It’s heavenly to feel so alive.

Wednesday, July 25, 2007

"Stop the guns, stop the guns!!"

... is what I heard this afternoon, exactly 10 seconds before I was to leave the ship's bridge, done with my marine-mammal-lookout watch for the day. I lifted a pen to sign the roster, and at that exact instant, the bridge radio bursts into frantic yelling from the engine room, which, we were to find out at that instant, was filling up with seawater.

What ensued immediately was one whole minute of wild chaos, with more incoherent, panic-stricken engine-room hollers coming through the radio, and the captain running up to the bridge, banishing all us lowly seismic crew to the instrument room (where we spend over 12 hours a day), while he set about, with unnerving calmness, to decipher what exactly was underway. We tore back to the instrument room, on standby to shut all systems down in case a blackout was issued. Senior crew members on night-shift, frantically summoned, poured into the instrument room, bleary-eyed and puzzled at first, then quickly progressing to urgent alertness. Guns stopped, ship to a grinding halt, the chase-boat racing towards us to tow the ship if needed, and frazzle, frazzle, all around. Morbid excitement. Every person in the know making mental checklists of precious personal belongings to abandon ship with, if needed. It's embarrassing, the enlightenment that comes with making that checklist. Of priorities, imagined. Versus those, real.

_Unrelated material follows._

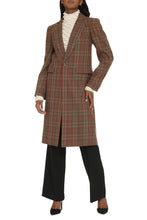 Load image into Gallery viewer, Alien wool long coat
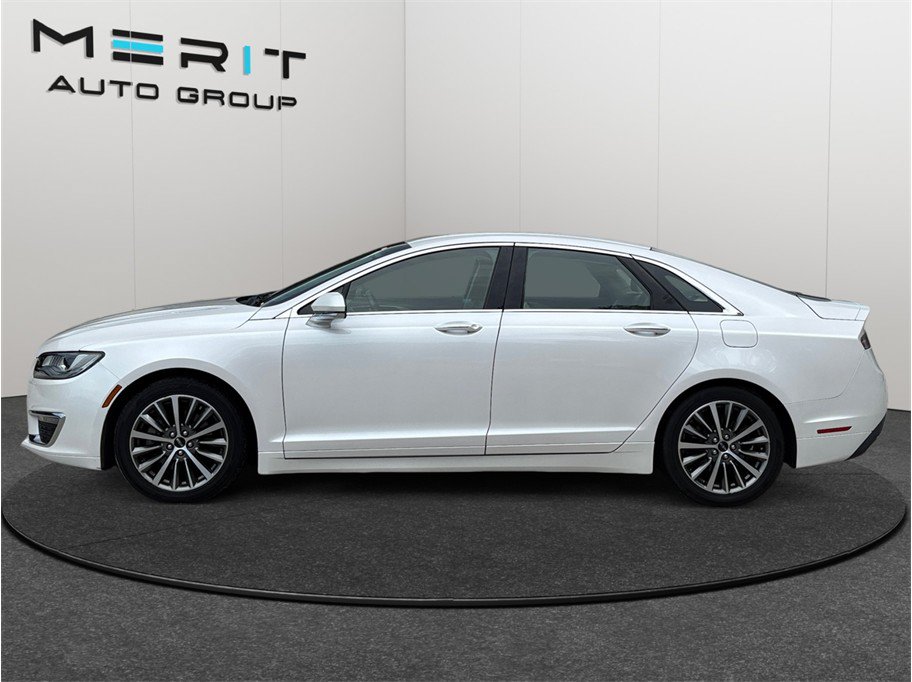 Used 2018 Lincoln MKZ Select w/ Select Plus Package FWD image 5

In the end, in a nutshell, valve shut, leak stemmed, water pumped, and back to business, an hour later. Like nothing ever happened at all. I don't know what's more horrifying -- The possibility that things could have gone very wrong, or the fact that an hour later, it was all back to business. Frantic business. Single-minded business, unwavering priorities. Tick, tock, tick, tock, must catch up with the clock. Must make that money, must not stop, no matter what.

Sunday, July 22, 2007

Bulletproof...

I wish I was.

Happiness is shamelessly relative. And so is misery. On a nice, broad, long time scale, I wouldn't exactly call now the epitome of perfection, joy-wise, what with ridiculously long hours at work that I don't exactly bubble over with enthusiasm for, the considerable lack of food for herbivores, the sameness of every day on a ship, the fact that work encroaches upon my dream-time as well, the drastic reduction in free-time, sunset-gawking time, shutterbugging-time, the lack of contact with the outside world, my outside world. Still, compress that time scale to little short of a year, and I'd call this heaven. Especially those nights when all I have to do is look up and melt, drowning within the rivers of shooting stars that dance for me.

What if?
Do we all have a few defining moments in our lives that irrevocably change its course? Do those crazily radiating roads emerging from every crossroad ever meet? Is there ever a possibility of finding two straight, diametrically opposite paths that, defying all conceivable logic and reason, meet, hundreds, maybe millions of miles down the line? Maybe there are a few, but I'm starting to think that those I've already crossed don't belong to that category.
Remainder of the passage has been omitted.